Assigned task: Skip the pictures. Quote every line below, exactly, from the one with "PopMarket - Disney" through the final line.
··········
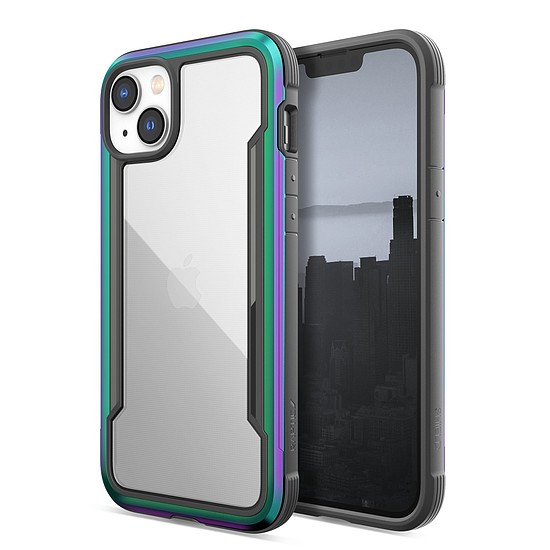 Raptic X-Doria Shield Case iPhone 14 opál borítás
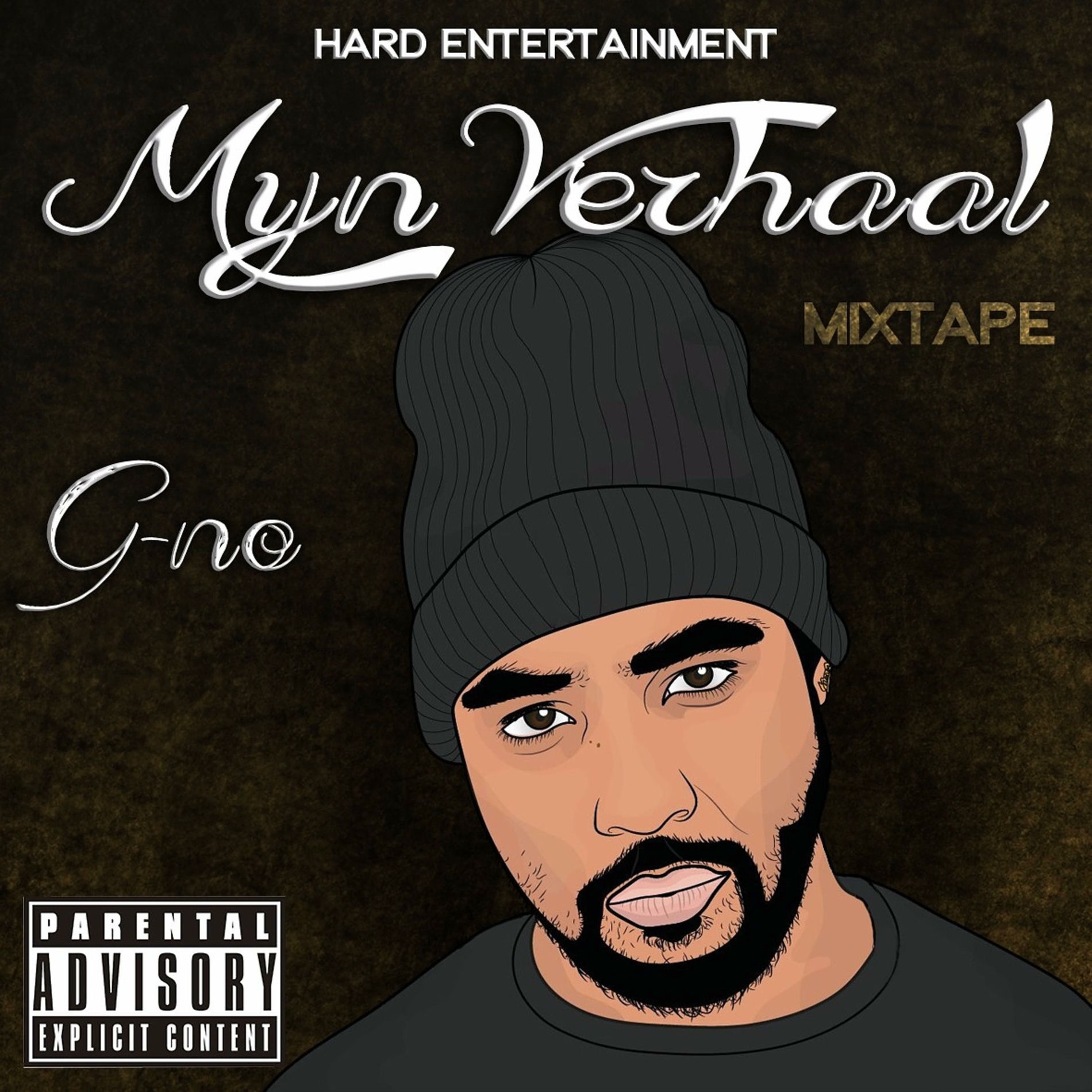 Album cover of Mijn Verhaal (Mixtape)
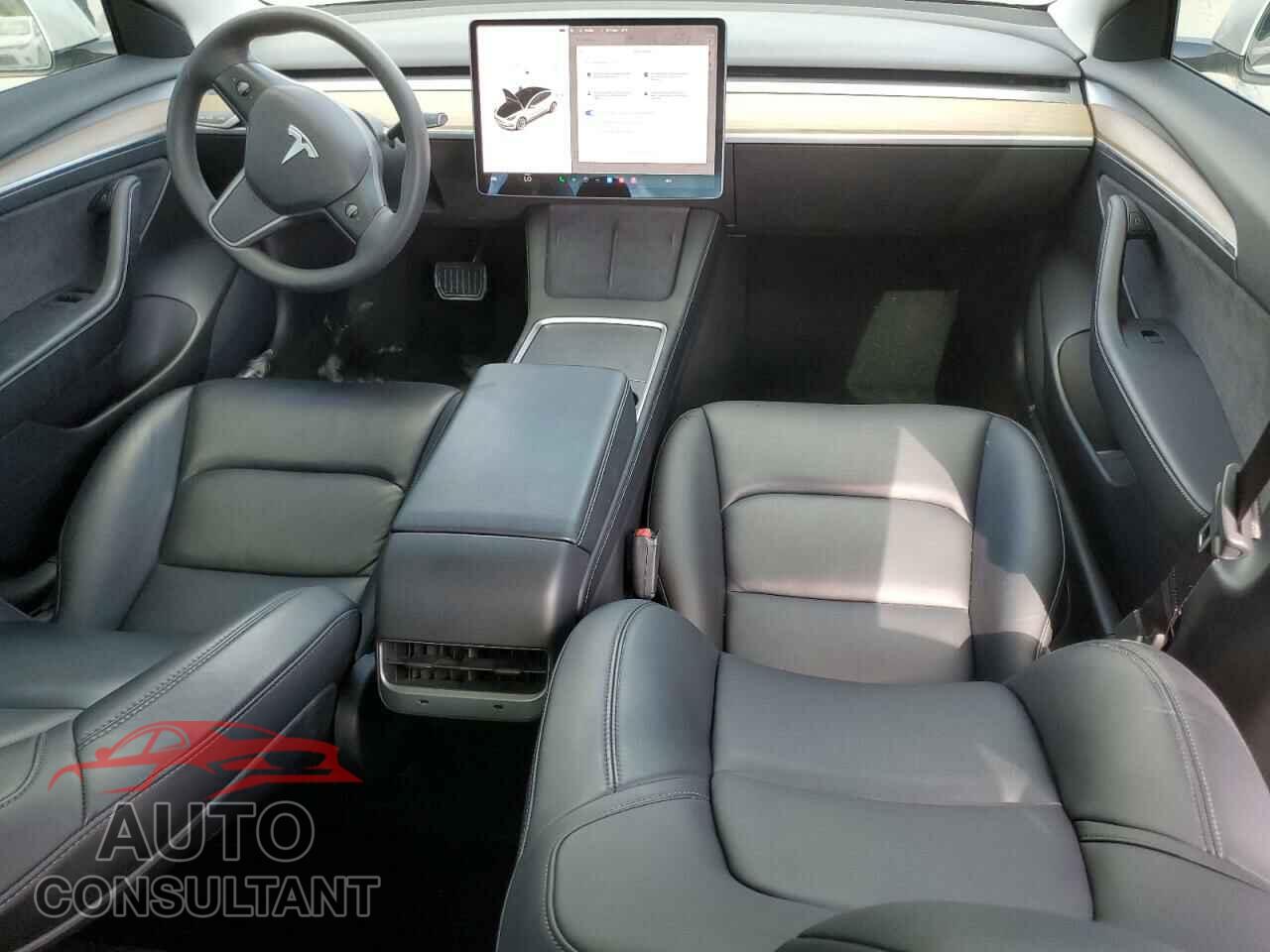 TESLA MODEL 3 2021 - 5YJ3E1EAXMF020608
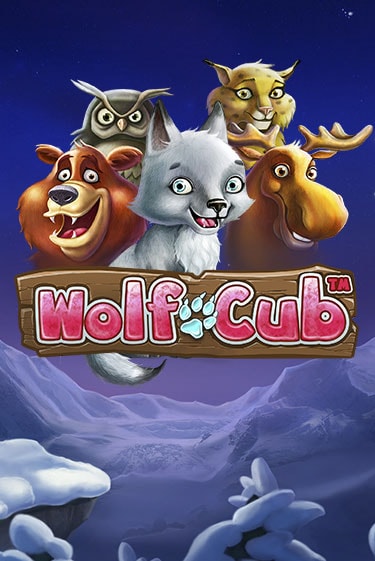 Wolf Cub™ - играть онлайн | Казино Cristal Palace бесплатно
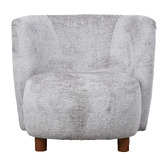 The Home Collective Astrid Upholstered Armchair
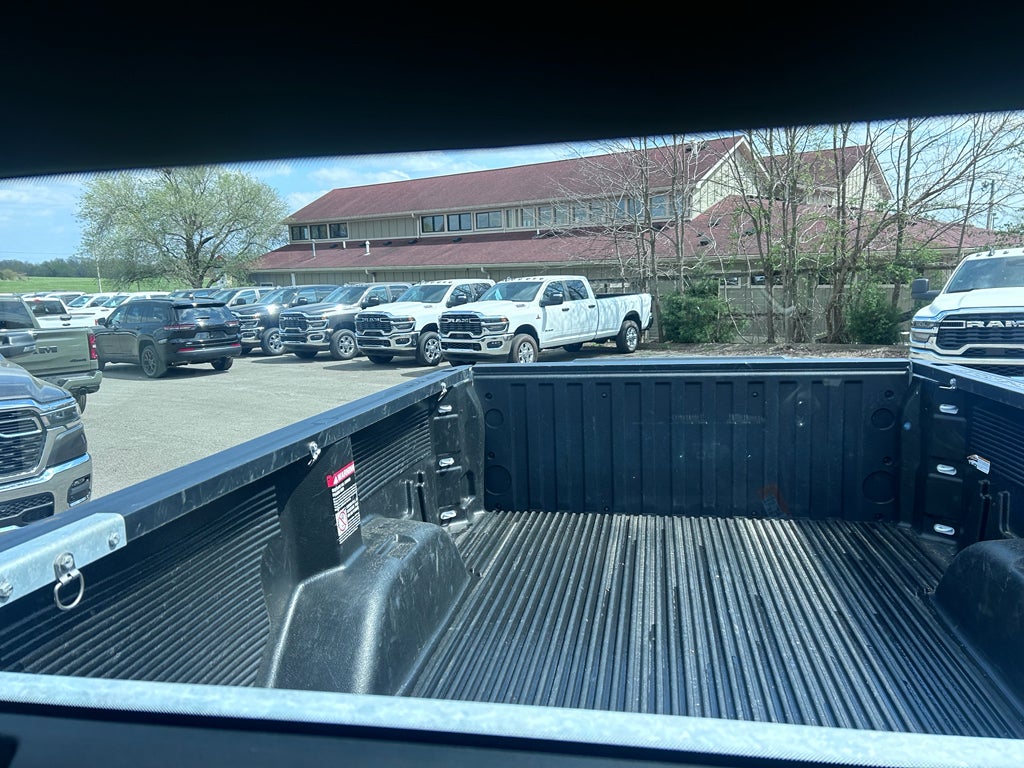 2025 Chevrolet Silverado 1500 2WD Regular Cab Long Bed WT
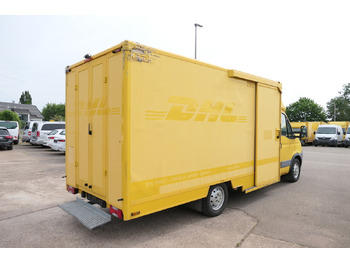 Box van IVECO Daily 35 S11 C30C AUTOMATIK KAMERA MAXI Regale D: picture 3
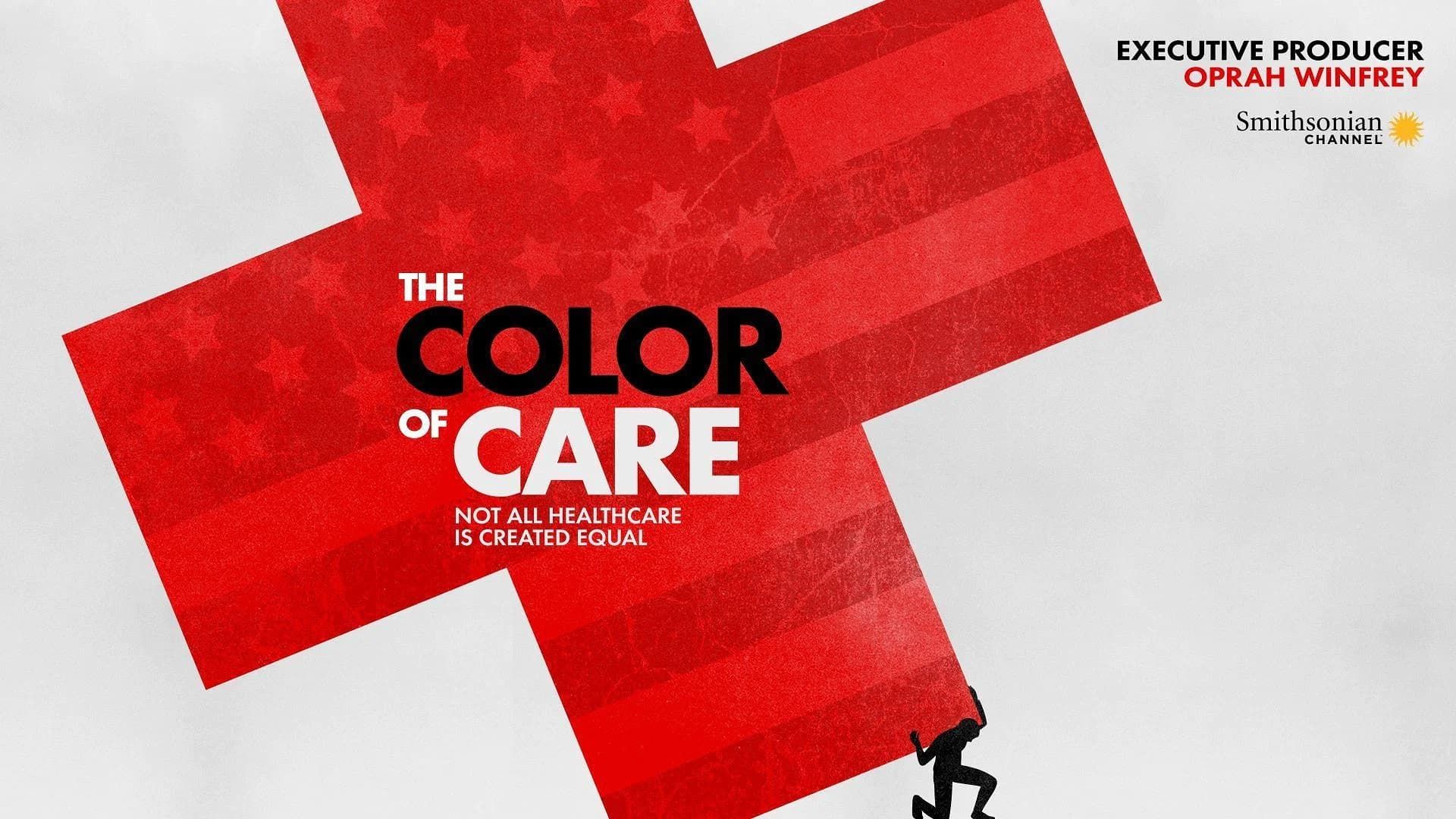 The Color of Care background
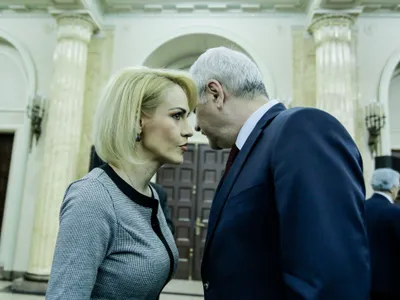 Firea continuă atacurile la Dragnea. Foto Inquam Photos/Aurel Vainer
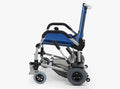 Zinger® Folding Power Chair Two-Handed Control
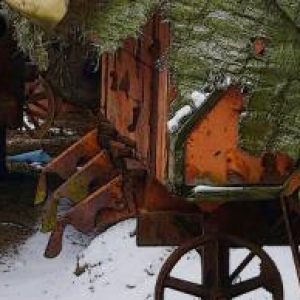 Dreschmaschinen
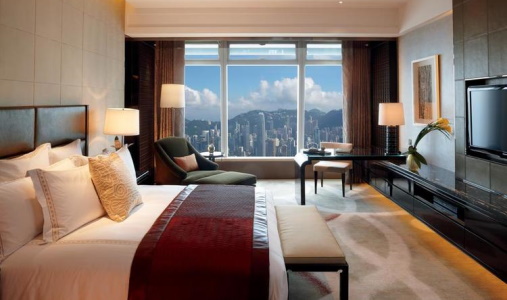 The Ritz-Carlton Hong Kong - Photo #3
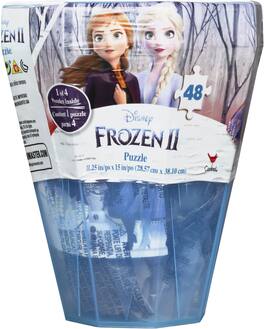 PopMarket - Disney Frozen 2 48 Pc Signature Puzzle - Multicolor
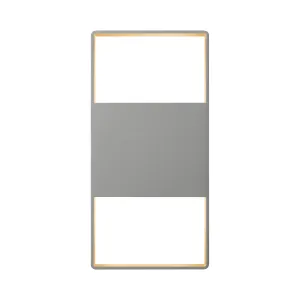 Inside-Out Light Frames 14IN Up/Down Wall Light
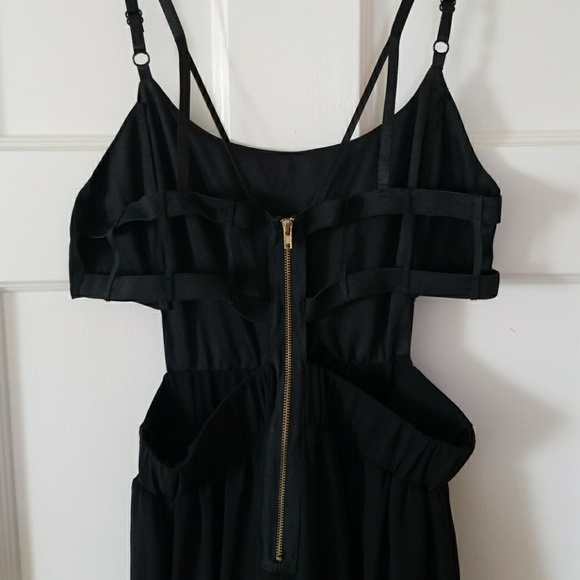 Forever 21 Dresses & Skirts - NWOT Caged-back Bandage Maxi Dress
··········
Response area:
 PopMarket - Disney Frozen 2 48 Pc Signature Puzzle - Multicolor
 Inside-Out Light Frames 14IN Up/Down Wall Light
 Forever 21 Dresses & Skirts - NWOT Caged-back Bandage Maxi Dress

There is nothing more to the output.